If not, then any distribution should be considered in light of your personal tax situation as there is no point pushing yourself into a higher tax bracket, unless your country has a dividend imputation scheme which would eliminate bracket creep

I have clicked on the guides at the top, as well as clicking on guides under the all categories. I guess they must have changed how it looks as its now very difficult to find a specific guide - in the past, it had a contents page.

I think I will wait to hear what my accountant says as maybe the law is different here. I don’t know how to work out the corporation tax, and she wouldn’t have asked me to declare the dividend amount if I need to know the corporation tax first. I think, here the dividend might be declared out of net profit before tax, not after tax.

But you have in general answered the question. I need to be looking at the net profit either before or after tax. Thanks

Guides organization is being revamped. Everything previously under the Guides category on the forum is now under either Best Practices or How to… The Best Practices category guides have all been redone to be in line with the goal for that category: general, widely applicable information about various topics, sometimes even more philosophical in nature than the former “enter this, click that” instructions. How to… guides will be more like the old style: explicit instructions for how to do something. Both have tables of contents when you click the category.

You’ve been using Manager long enough, @dalacor, that you may remember the Guides used to be on a separate web site before they migrated to the forum. @lubos is moving back in that direction. He also has plans to revise the scheme for how releases are announced and described.

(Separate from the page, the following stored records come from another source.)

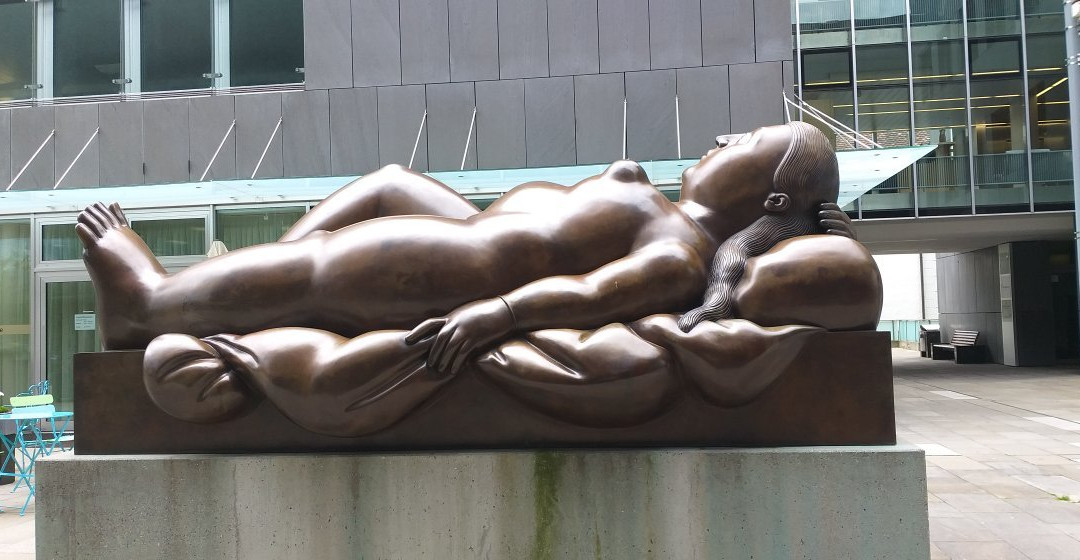 Reclining Woman von Fernando Botero景点图片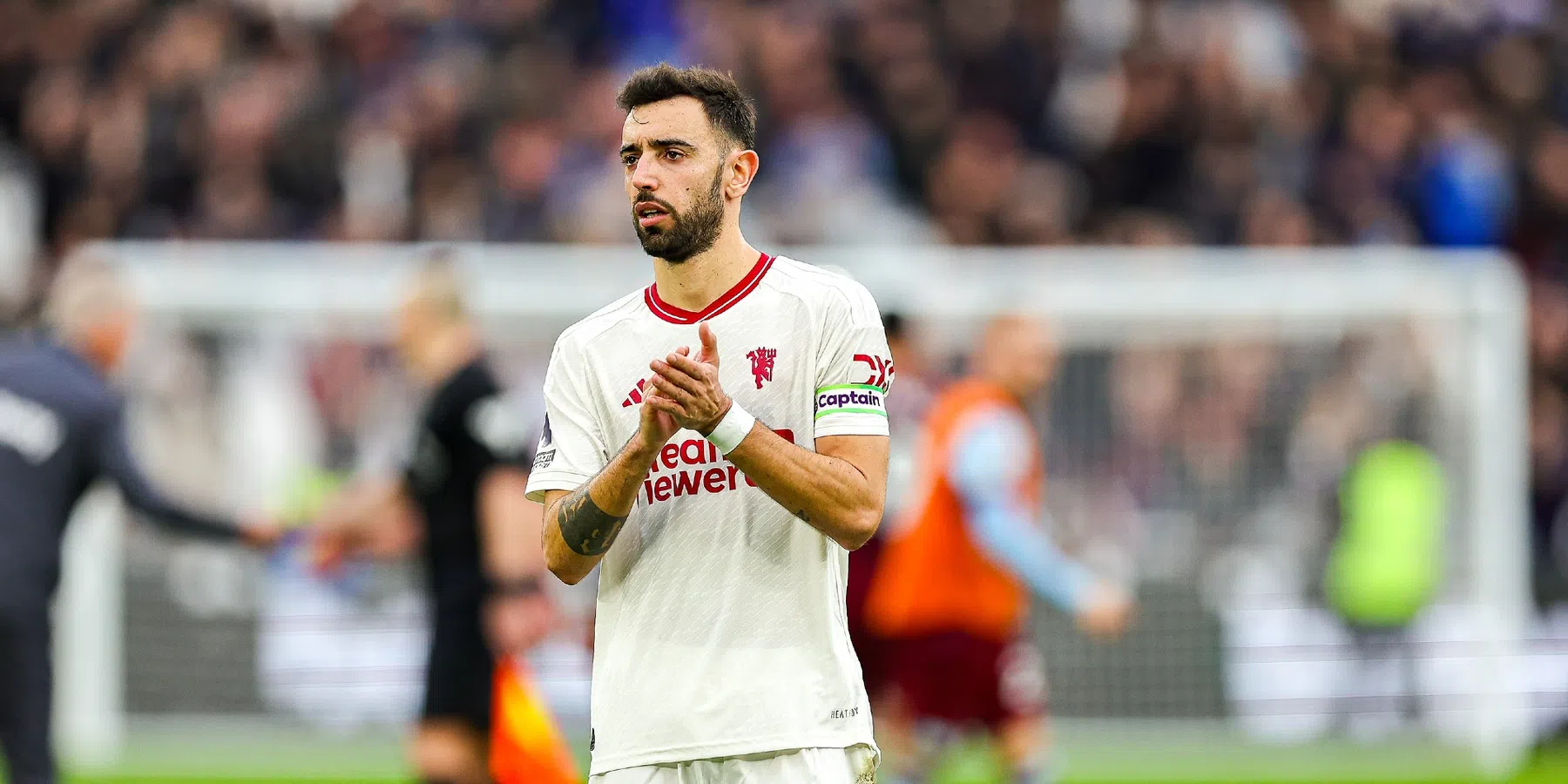 Ron Vlaar kraakt Bruno Fernandes bij Manchester United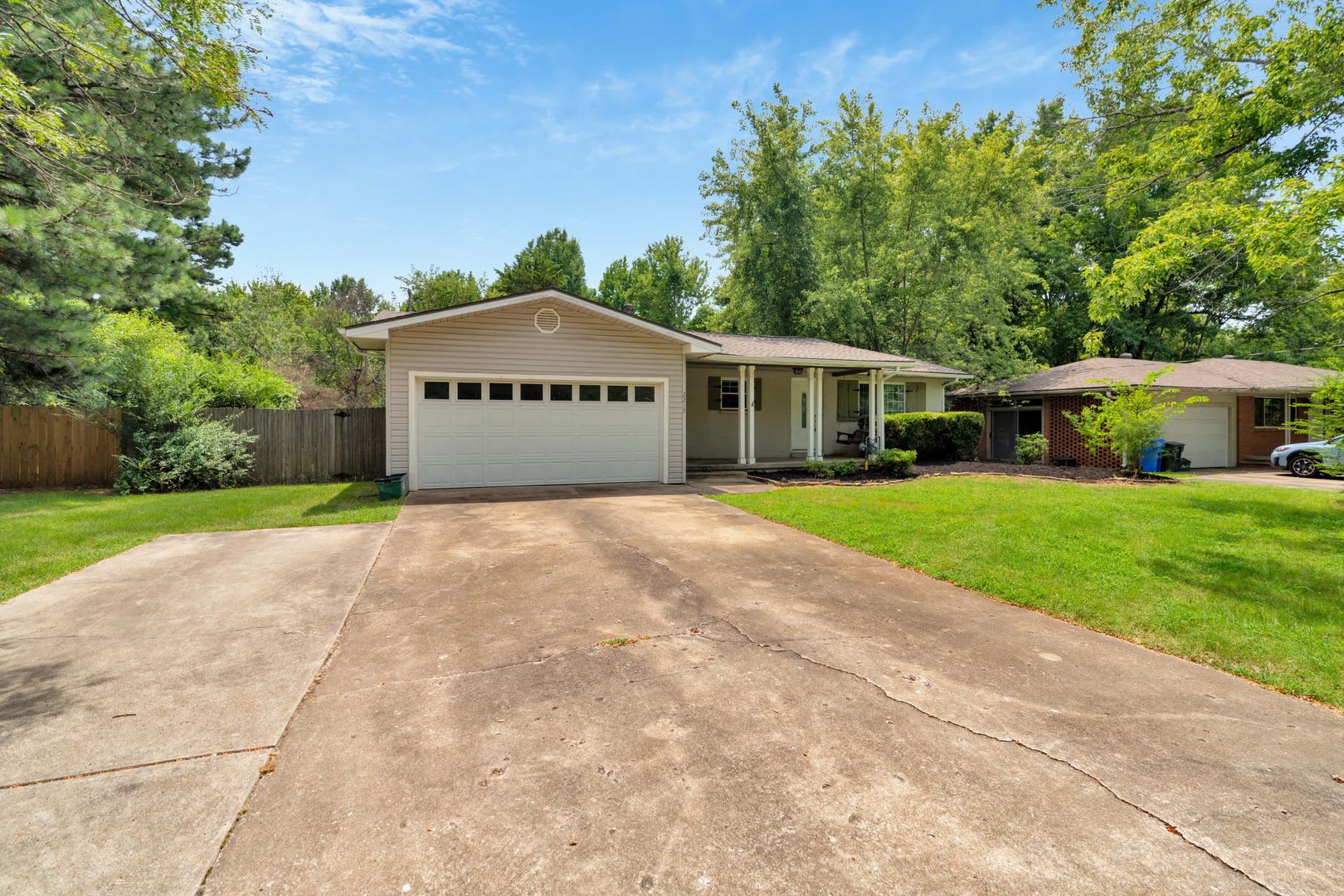 Cute 4 Bedroom 2 Bath home close to campus! – photo 1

No I can see that you guys have been working hard to update and revamp the guides. I am not criticising. I just wanted to highlight that if you are looking for something like say dividends - its very hard to find where in the guides it is if you don’t know where to look. Thats what I liked about the contents page that used to be there - it was easier to find the relevant section. What you have got is explanations per tab, but something like how to calculate dividends doesn’t go under a tab.

It was just more to make you aware of how the end user sees the guide.

All understood. And it’s a work in progress. Besides, there isn’t anything about dividends to find. :wink:

Generally, corporation tax is a set rate and for your 2016/17 20% or 20p in the pound - read here


If you put “UK Dividend” into google, there are a number of reports to read. It appears that over the past few years a number of changes has been occurring but you may need to separate out Public Company v’s Private Company dividends - but your “quaint” accountant should be up to speed here.

My quaint acountant lol :grinning: I actually think she is very good at her job. I will leave the corporation tax to her. You are correct that its 20% of net profits, but by the simple expedient of moving things from P & L to balance sheet for example or vice versa, this affects the Corporation Tax as well as claiming for other things that I may not have claimed for over the year.